## Task to complete:
When the line containing "Dog Crate Side" is found in the data below, give it again along with every later line, exactly; drop the pictures.
*** Opening Information provided ***
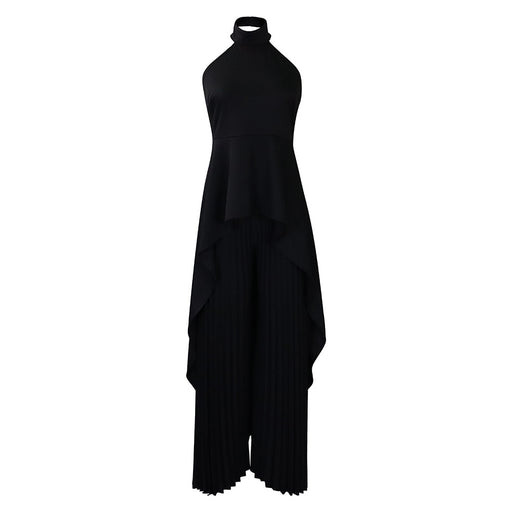Women Clothing Office Sleeveless Irregular Asymmetric Top Wide Leg Pants Two Piece Suit-Black-Fancey Boutique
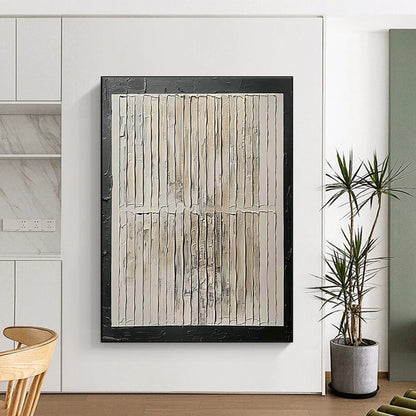 Hand-Painted Beige, White, and Black Textured Abstract Art PT815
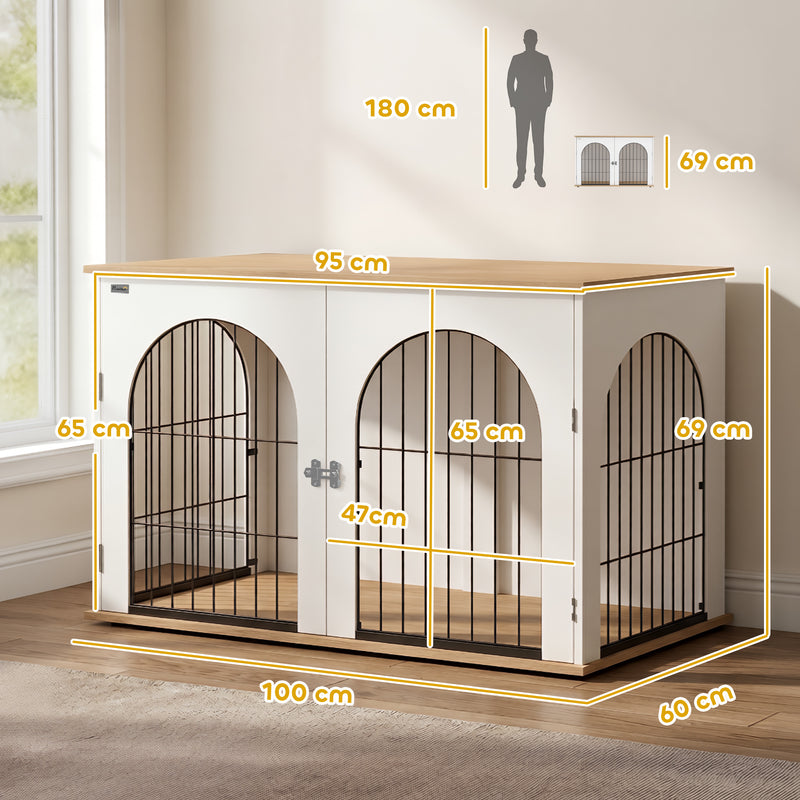 Dog Crate Side Table for Large Dogs Up to 30 kg Space Saving Indoor Furniture White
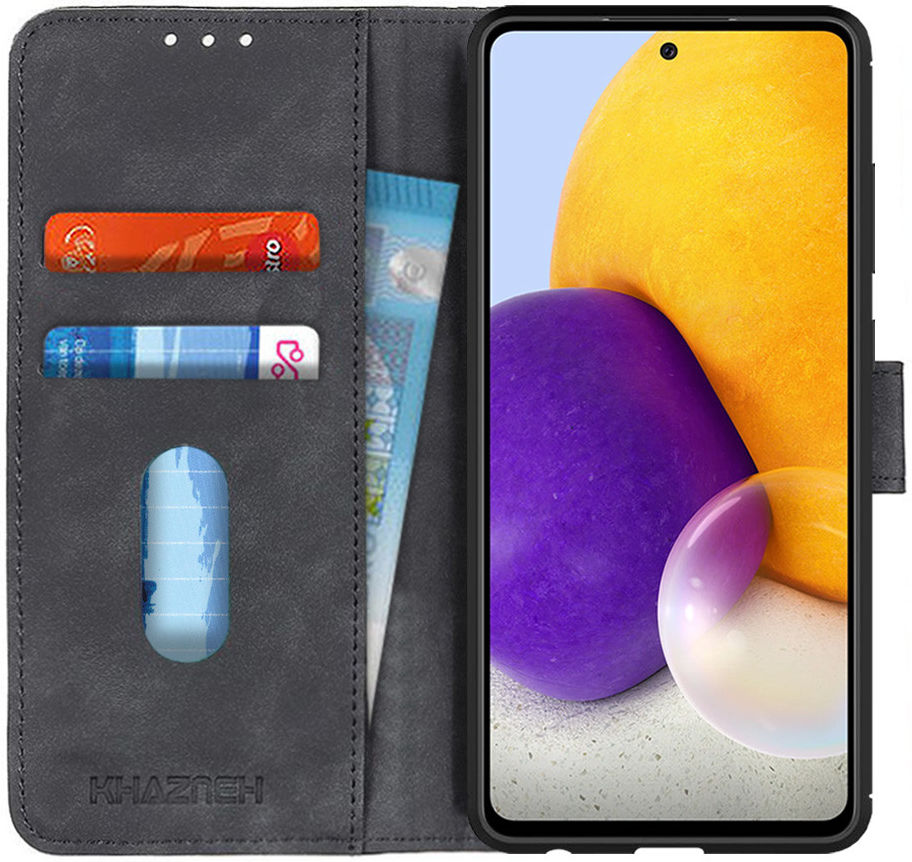 KHAZNEH Samsung Galaxy A72 Hoesje Retro Wallet Book Case Zwart afbeelding 1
*** Closing Information provided ***
## The answer:
 Dog Crate Side Table for Large Dogs Up to 30 kg Space Saving Indoor Furniture White
 KHAZNEH Samsung Galaxy A72 Hoesje Retro Wallet Book Case Zwart afbeelding 1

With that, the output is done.